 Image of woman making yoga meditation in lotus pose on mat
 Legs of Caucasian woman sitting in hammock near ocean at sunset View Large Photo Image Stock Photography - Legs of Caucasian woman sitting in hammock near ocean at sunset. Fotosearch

---

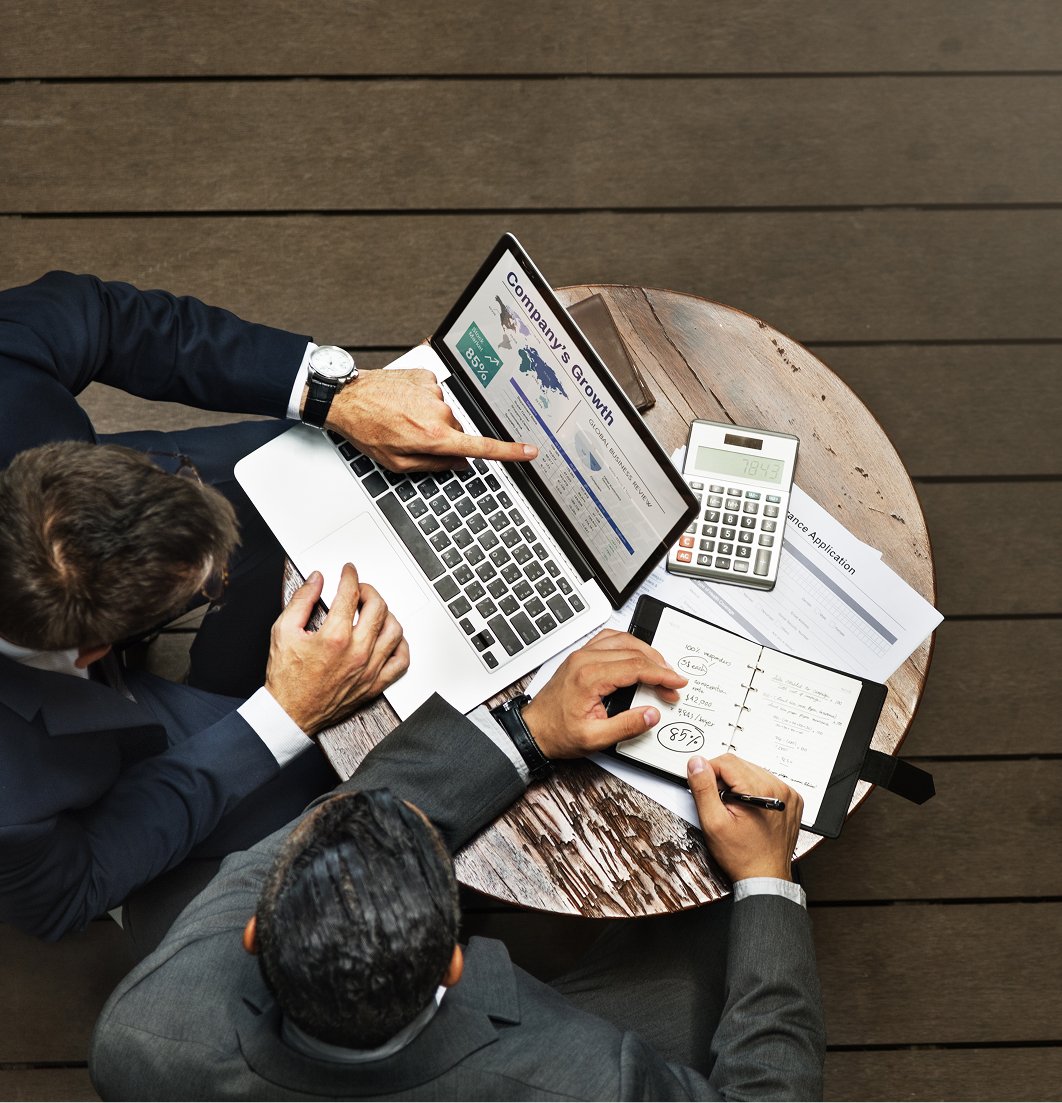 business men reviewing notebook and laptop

> Task description:
Give back exactly the lines above, from the line containing "Image of woman" through the line containing "at sunset. Fotosearch", with both end lines and nothing more.

> Solution for this task:
 Image of woman making yoga meditation in lotus pose on mat
 Legs of Caucasian woman sitting in hammock near ocean at sunset View Large Photo Image Stock Photography - Legs of Caucasian woman sitting in hammock near ocean at sunset. Fotosearch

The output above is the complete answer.